Les points sur les « i ». « Nous n’avons pas créé la fonction publique pour les fonctionnaires. Nous n’avons pas créé l’ENA pour les énarques », a rappelé sans ambages le ministre de l’action et des comptes publics, Gérald Darmanin, aux élèves de l’Ecole nationale d’administration, à Strasbourg, vendredi 14 septembre. « Voici quelques semaines, j’ai été invité à intervenir devant quelques-uns de vos camarades d’une promotion précédente à qui on a dit, ô drame, qu’ils devaient servir la République lorsqu’elle avait besoin d’eux. J’ai appris que quelques-uns avaient été choqués. J’espère que ce sera le seul choc de leur vie », a-t-il ironisé.

Les locaux feutrés de l’école résonnent rarement de propos aussi tranchés. Mais Gérald Darmanin n’est pas très content de l’accueil réservé par les énarques à l’une des mesures annoncées par le premier ministre, en février. Deux ans après être sortis de l’ENA, avait déclaré Edouard Philippe, les meilleurs élèves, ceux intégrés dans les « grands corps » (Conseil d’Etat, Cour des comptes, inspections), seront affectés à des missions jugées prioritaires : plan pauvreté, RSA, énergies renouvelables, etc. De fait, une quinzaine de jeunes énarques prennent ces jours-ci leurs fonctions aux quatre coins de la République. Qui en Guyane, qui à Fessenheim (Haut-Rhin), ou qui en Bretagne.

« Ton inutilement agressif »

Or, les élèves de la promotion « Churchill », qui inaugurent le dispositif, n’étaient visiblement pas très allants. Lorsque Gérald Darmanin a découvert que ces derniers avaient tous choisi des missions à Paris, son sang n’a fait qu’un tour. Il leur a dit sans détour sa façon de penser en juin, en inaugurant une journée de formation à Paris. La séance a été « tendue », rapporte une participante, qui évoque « un ton inutilement agressif ». « C’est bon signe qu’ils aient été choqués », rétorque aujourd’hui M. Darmanin.

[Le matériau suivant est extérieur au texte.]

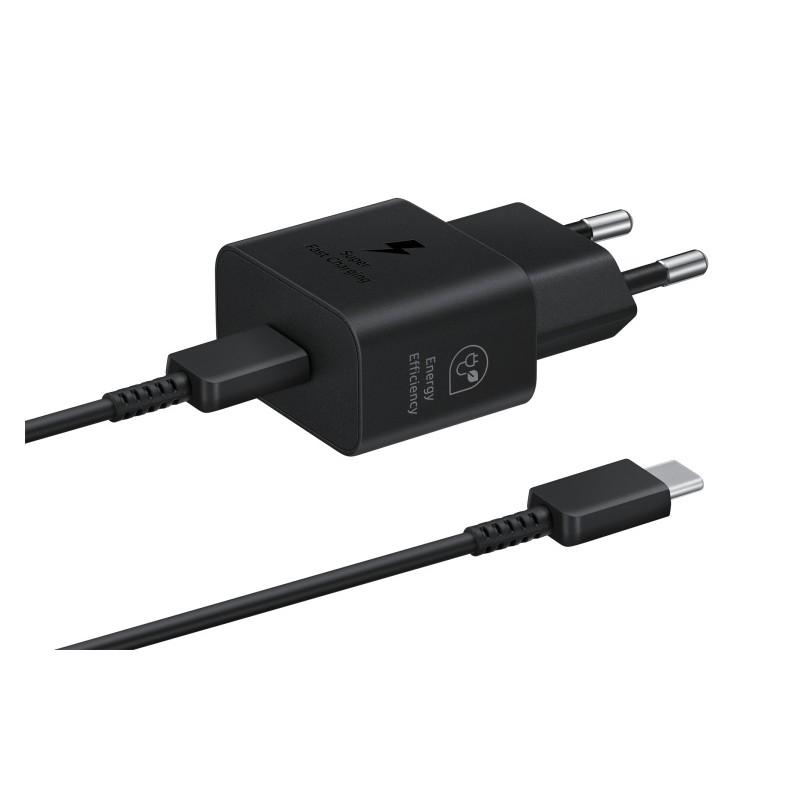 Samsung EP-T2510 25W AC Maitinimo adapteris USB-C + Kabelis USB-C, Juoda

Lequel a donc enfoncé le clou à Strasbourg : « Il n’y a pas de noblesse particulière, il n’y a que des exigences à servir la République. Vous êtes mis à la disposition du gouvernement pour servir le pays. » Principe cardinal d’un pouvoir macronien qui, s’appuyant sur la haute fonction publique, exige d’elle une docilité sans faille. Sauf que, répondent de jeunes énarques potentiellement concernés par la mesure, à la Cour des comptes ou au Conseil d’Etat, les fonctionnaires sont des magistrats. Et, dit l’un, « les magistrats ne sont pas là pour obéir au gouvernement ».